Enquanto pôde, enrolou. Entre uma sessão e outra dos cinemas de arte, escrevia cartas sobre progressos em marketing e planilhas de custos. Enturmou-se com a geração “Cahiers du Cinema” e começou a estudar fotografia. Até que chegaram as férias, quando ele deveria voltar a Lima para rever a família. Escreveu uma carta abrindo o jogo e avisando que não ia sair de Paris de jeito nenhum.
A mesada farta parou de chegar ao banco. Enquanto duraram as reservas, Raul foi tomando providências. Mudou-se para um hotel meia-estrela no Quartier Latin, passou a fotografar batizados e a circular por “cafés étnicos” para aprender estratégias de sobrevivência com gente mais dura do que ele. Graças à cara-de-pau que Deus lhe deu e ao guarda-roupa que sobrou do tempo de vacas obesas, conseguia muitas vezes economizar o valor do jantar, freqüentando recepções do corpo diplomático, coquetéis de empresas, enfim, qualquer evento onde pudesse comer e beber de graça.
Logo no início da carreira de novo-pobre, passou cinco dias a baguettes.
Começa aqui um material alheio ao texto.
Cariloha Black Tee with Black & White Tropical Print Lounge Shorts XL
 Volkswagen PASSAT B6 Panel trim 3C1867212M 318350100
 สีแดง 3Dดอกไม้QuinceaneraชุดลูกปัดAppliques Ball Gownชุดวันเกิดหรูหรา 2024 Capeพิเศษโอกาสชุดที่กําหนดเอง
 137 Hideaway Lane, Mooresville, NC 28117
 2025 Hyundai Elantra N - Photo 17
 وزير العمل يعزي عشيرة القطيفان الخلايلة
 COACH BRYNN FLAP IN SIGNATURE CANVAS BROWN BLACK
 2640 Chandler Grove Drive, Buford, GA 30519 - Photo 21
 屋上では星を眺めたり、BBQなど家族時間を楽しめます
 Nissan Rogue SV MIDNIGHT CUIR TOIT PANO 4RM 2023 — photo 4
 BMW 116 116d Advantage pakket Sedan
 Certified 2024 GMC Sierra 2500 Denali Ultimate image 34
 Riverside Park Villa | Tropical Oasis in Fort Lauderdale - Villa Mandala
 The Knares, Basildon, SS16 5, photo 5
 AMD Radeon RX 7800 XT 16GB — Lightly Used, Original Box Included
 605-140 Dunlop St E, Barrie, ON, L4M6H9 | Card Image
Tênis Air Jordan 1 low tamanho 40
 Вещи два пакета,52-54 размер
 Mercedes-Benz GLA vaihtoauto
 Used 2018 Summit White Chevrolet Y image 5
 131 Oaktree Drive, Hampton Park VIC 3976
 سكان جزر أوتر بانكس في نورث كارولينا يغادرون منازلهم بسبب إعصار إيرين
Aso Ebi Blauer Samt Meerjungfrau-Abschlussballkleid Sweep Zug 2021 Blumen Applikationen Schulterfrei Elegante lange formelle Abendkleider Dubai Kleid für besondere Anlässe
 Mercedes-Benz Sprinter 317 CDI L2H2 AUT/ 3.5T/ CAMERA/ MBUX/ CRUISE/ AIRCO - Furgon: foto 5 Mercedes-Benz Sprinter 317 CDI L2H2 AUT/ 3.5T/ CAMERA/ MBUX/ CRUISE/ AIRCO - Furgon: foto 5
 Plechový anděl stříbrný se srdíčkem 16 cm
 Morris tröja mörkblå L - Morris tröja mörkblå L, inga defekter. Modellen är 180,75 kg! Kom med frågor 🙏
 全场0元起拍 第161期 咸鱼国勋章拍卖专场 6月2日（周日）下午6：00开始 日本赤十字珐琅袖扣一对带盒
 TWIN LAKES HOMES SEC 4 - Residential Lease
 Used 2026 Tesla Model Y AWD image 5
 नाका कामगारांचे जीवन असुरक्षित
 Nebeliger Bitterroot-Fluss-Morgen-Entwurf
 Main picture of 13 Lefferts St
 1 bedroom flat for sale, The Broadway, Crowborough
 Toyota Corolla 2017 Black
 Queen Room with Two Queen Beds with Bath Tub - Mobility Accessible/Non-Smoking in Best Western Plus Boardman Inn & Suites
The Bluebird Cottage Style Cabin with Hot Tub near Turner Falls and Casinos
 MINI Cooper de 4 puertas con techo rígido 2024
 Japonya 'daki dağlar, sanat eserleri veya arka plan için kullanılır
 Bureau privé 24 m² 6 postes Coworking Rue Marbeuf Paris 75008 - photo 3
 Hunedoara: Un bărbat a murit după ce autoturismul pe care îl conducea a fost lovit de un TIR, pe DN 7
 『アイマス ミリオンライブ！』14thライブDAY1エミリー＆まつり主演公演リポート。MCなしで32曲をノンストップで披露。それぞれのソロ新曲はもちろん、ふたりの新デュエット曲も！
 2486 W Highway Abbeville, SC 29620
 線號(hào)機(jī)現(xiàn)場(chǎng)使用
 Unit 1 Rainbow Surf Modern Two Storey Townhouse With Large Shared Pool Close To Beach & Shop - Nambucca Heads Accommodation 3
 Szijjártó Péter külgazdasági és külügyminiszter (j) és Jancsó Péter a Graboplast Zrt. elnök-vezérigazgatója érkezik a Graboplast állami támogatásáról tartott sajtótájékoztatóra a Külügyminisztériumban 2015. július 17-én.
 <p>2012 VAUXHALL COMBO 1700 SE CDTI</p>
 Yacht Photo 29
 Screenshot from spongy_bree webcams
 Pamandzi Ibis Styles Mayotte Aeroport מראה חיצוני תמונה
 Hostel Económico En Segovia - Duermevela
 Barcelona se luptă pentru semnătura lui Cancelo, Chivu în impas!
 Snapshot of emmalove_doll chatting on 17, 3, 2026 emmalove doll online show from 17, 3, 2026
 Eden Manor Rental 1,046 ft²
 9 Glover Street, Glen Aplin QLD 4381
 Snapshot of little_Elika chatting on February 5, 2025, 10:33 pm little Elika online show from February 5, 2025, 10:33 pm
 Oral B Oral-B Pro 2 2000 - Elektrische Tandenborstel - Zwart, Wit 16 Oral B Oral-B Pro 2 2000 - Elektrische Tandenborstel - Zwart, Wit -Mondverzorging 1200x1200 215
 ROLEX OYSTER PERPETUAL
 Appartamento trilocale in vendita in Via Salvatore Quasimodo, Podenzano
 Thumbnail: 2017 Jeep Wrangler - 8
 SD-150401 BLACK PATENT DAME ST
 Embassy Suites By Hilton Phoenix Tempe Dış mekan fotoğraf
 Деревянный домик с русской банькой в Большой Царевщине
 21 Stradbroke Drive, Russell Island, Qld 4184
O que o manteve de pé foi a dourada expectativa da quinta-feira. Jantar de gala na embaixada de um emirado – e ele havia conseguido convite. A combinação do dinheiro do petróleo com a hospitalidade árabe prometia o paraíso.
Chegou pontualmente, quase um príncipe, no irretocável “smoking”inglês. Congelou de choque. A embaixada estava às escuras e um gendarme barrava o acesso. Horas antes, um atentado a milhares de quilômetros mandara literalmente para o espaço a corte inteira, o emir à frente. E agora explodia outra bomba, desta vez num estômago vazio em Paris.
Raul saiu andando cabisbaixo pela Avenue des Champs- Élysées, sentindo que ia morrer de inanição. Diante da porta do “Fouquet’s’”, o instinto de sobrevivência falou mais alto. Entrou a passos decididos, afastou o mâitre com um gesto imperial e foi direto à mesa de hors d’oeuvres. Com aquele olhar de fotógrafo, que percebe o essencial em frações de segundo, localizou um imenso presunto de Parma, colocou a peça inteira debaixo do braço e saiu triunfante. Antes que os funcionários decidissem se aquele senhor tão bem-vestido era um milionário excêntrico ou um ladrão, ele já havia atravessado de volta a varanda e misturara-se aos transeuntes, peito estufado e queixo empinado, como um general de Napoleão.
Fouquet’s – 99 avenue Champs Elysées 75008 Paris.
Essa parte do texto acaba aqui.